Chung-IL Kim (South Korea) researched the The Relationship between Fundamental Movement Skills and Body Mass Index in Korean Preschool Children, since early childhood obesity is a serious problem and fundamental movement skills (FMS) are very important factors in human movement. The findings did not show a relationship between FMS and Body Mass Index; this suggests that to decrease obesity we must consider other factors in physical education and physical activity program for preschooler, such as exercise intensity and nutrition.

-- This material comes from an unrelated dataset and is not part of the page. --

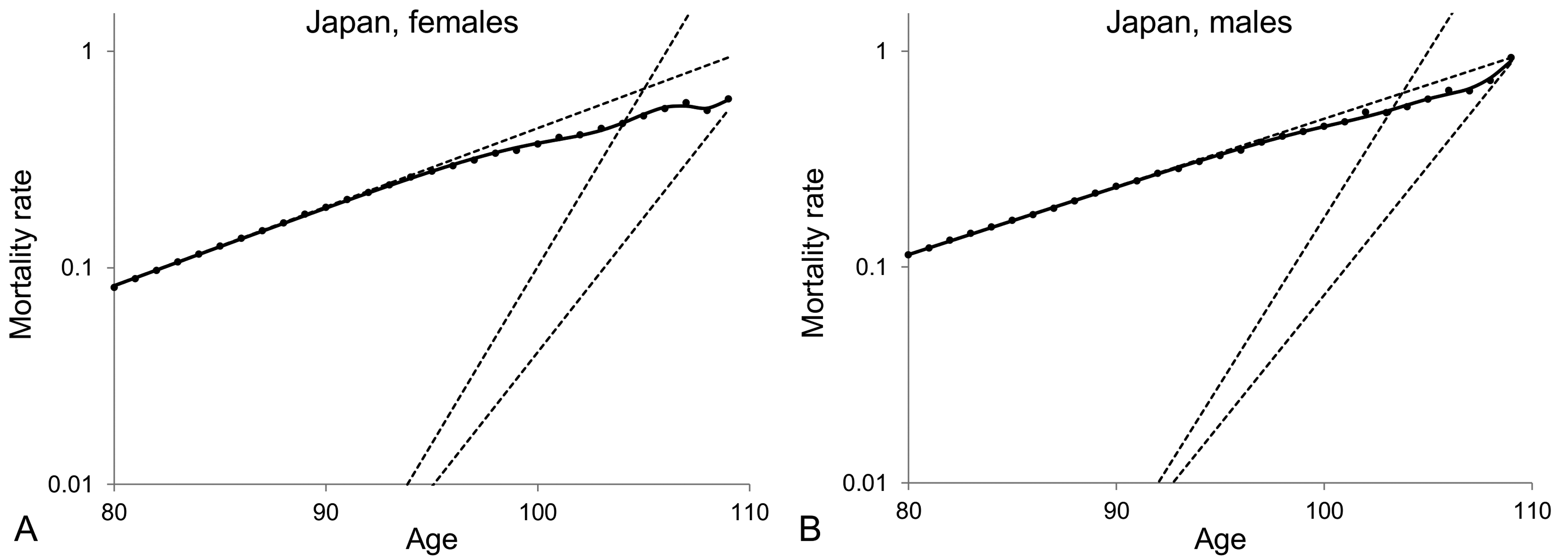 class="figure-viewer-img"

It is important to promote research with children, not just on children or about children, meaning that children must be given the opportunity to express their perspectives. Exploring the Foundations of Visual Methods Used in Research With Children, by Lasse Lipponen, Antti Rajala, Jaakko Hilppö and Maiju Paananen (Finland), under this paradigm, address the growing interest in researching and documenting young children’s experiences by means of visual methods, such as photos and videos, as they offer an opportunity to see things in a new and different way. Studies to date have not revealed the differences between the functions of visual artefacts in the research process, and their functions in children’s lives more broadly.

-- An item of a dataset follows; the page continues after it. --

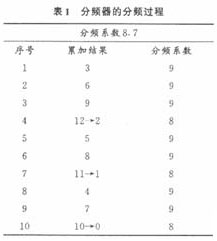 基于FPGA的小数分频器的实现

The EECERA journal has been very productive in research with children, studying their educational experience at various levels (Special Issue Children' Perspectives and Participation in Research, vol. 19, Issue 3; September Citation2011) and championing praxeological research as a means to make real the struggle for children and teachers agency in research (Special Issue Praxeological Research in Early Childhood: A contribution to a social science of the social, vol. 20, number 4, December Citation2012).

References

  • Contreras, J. D., and N. Pérez-Lara. 2010. Investigar la experiencia educativa. Madrid: Ediciones Morata.
  • Dewey, J. 1929. The Sources of a Science of Education. New York: Horace Liveright.
  • EECERAj. 2011. Special Issue Children's Perspectives and Participation in Research. Oxford: Routledge. 19 (3).
  • EECERAj. 2012. Special Issue on Praxeological Research in Early Childhood: A contribution to a social science of the social. Oliveira-Formosinho, J. Formosinho, J. (2012) (Orgs). London: Routledge. ISIS index, 20 (4). doi/full/10.1080/1350293X.2012.737707
  • Persson, Ulf. 2002. An Essay on “The Sources of a Science of Education” by John Dewey. www.math.chalmers.se/~ulfp/Didactics/did8.pdf.
  • Van Manen, M. 2003. Investigación educativa y experiencia vivida. Barcelona: Idea Books.